1. Virtual time series from WRF innermost domain (d03, 3km), from nearest grid point, at north domain boundary (1.5751ºW, 42.778ºN); at M7 (1.578ºW, 42.725ºN) and at MP5 (1.5578ºW, 42.695ºN).
2. Tendencies, i.e. contributions from different terms of momentum and energy budget from WRF d02 (9km). These fields are spatially averaged in a window of 45x45km for all vertical levels. Hence, it can be considered a single-column input (time, height) but the 3D tendencies can also be provided. The file has the following quantities: Ug, Vg, UADV, VADV, POT_ADV, POT, TSK, PSFC and HFX

The simulation is performed with the WRF model version 3.8.1 (Skamarock et al., 2018), mostly following the configuration derived from the sensitivity analysis carried out by the mesoscale group of the NEWA project (Hahmann et al. 2018). The ERA-5 reanalysis data together with OSTIA SST and GLDAS/NOAH land surface were used as forcing, initial and boundary conditions for the WRF simulation. For the selected period, three nested domains centered at the M7 location were created with horizontal grid spacing of 27(d01), 9(d02) and 3(d03) km; with respectively 110, 100 and 88 grid points laterally, and 61 vertical levels up to a height of 50 hPa at the top. The runs are carried out by running sets of 8-day simulations with 24 hours of spin-up while performing spectral nudging in domain 1(d01). Outputs are stored and provided in 5-min periods. Other details about the WRF configuration can be seen at Chavez-Arroyo et al., 2018.

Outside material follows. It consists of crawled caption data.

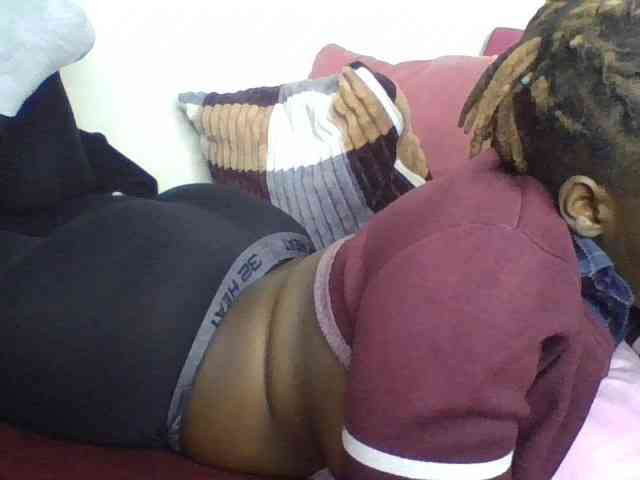 freakcurvy8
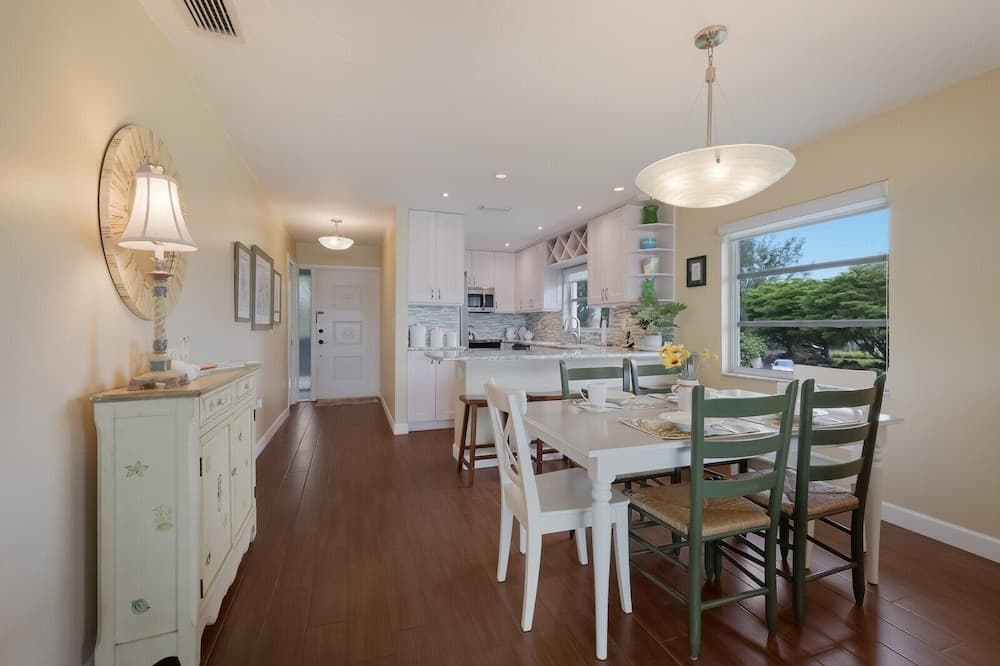 West Bay Cove #206 - Image 5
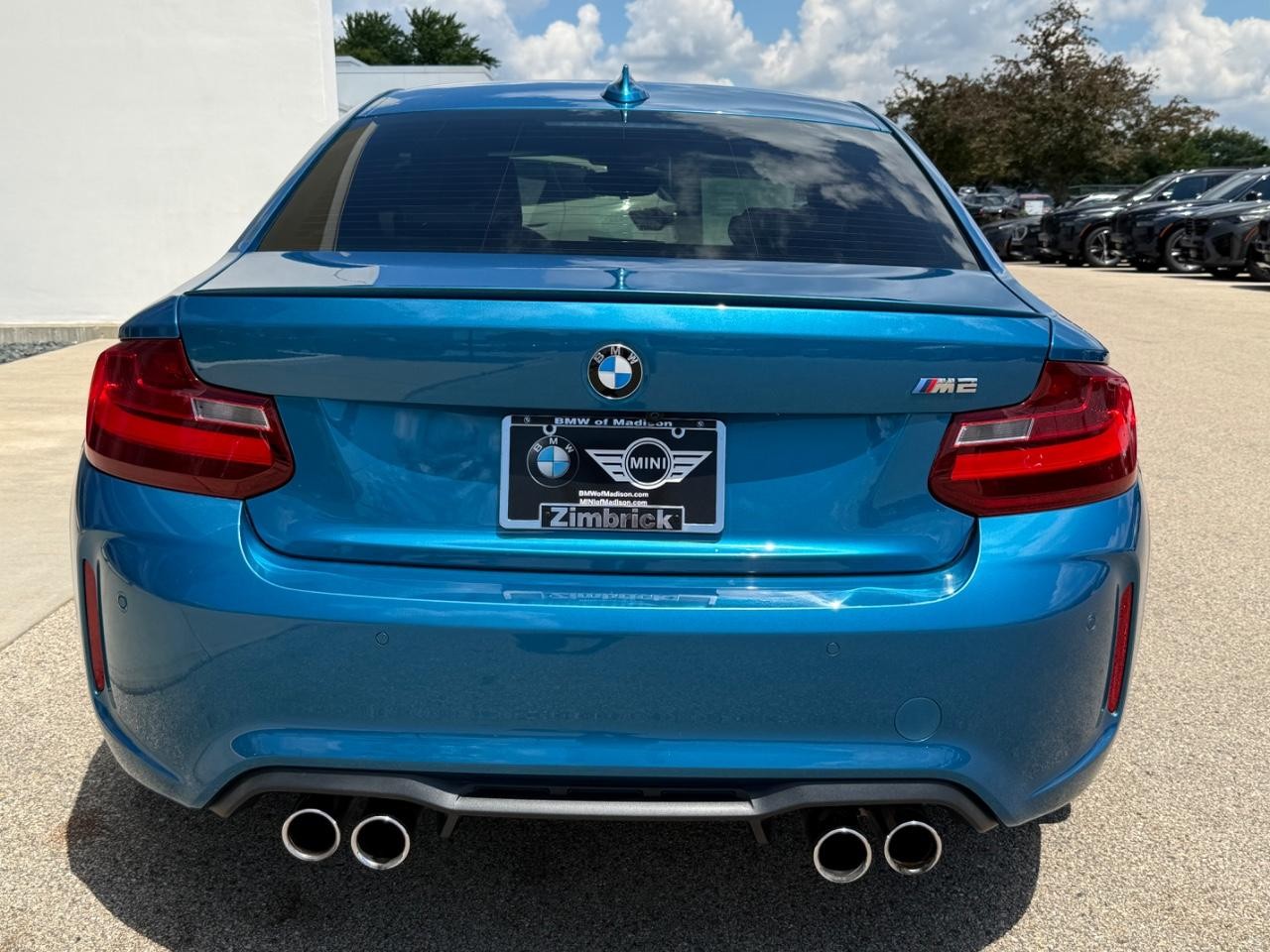 BMW M2 Vehicle Full-screen Gallery Image 04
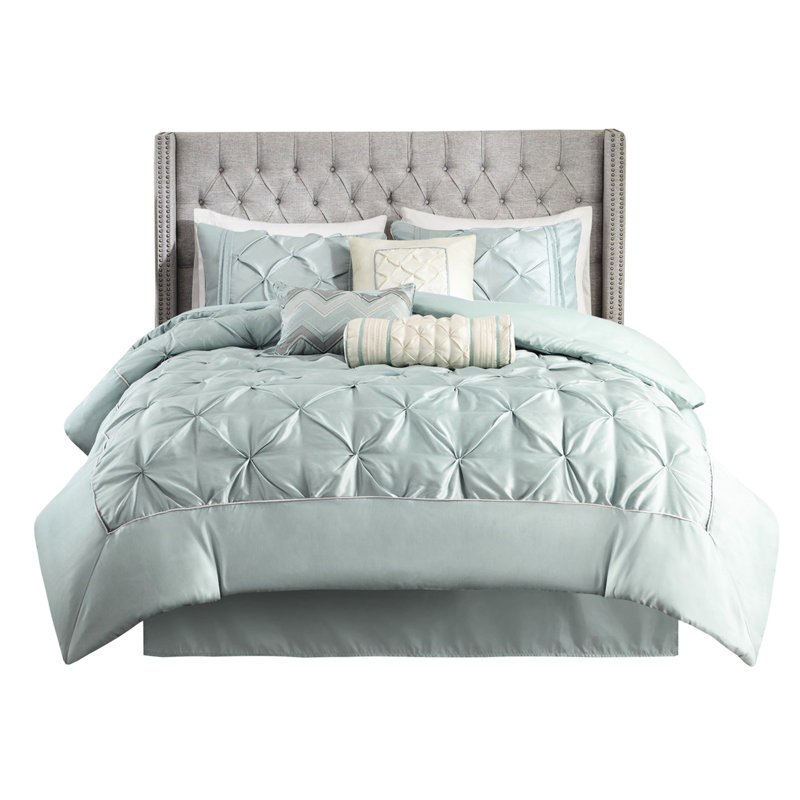 7 Piece Comforter In King Size - Bedding With Fill And Matching Accessories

To improve model intercomparison we recomend all microscale modellers to use these mesoscale inputs. Participants with multiscale models using online coupling can use their own mesoscale model but they should use ERA5 input data to keep the same global input data in all simulations. If needed, the raw wrfout files, WRF namelists and config files can be shared upon request.

Output Data

The selected quantities of interest are the 3D wind vector components (U,V,W), potential temperature (Th) and turbulent kinetic energy (TKE) at the locations and with the formats specified below, with simID representing your simulation identifier (which will be provided).

1. simID_masts.nc: Vertical profiles extending 1km from the surface at the met mast locations (see inputs/masts.csv for UTM coordinates);
2. simID_Ztransect.nc: Vertical profiles along the Z-transect extending 1 km in the vertical (see inputs/Ztransect.csv for UTM coordinates);
3. simID_box.nc: Horizontal planes at 125m and 40m a.g.l. with horizontal resolution of 100 m, of the “box” [612–622; 4726–4736] km.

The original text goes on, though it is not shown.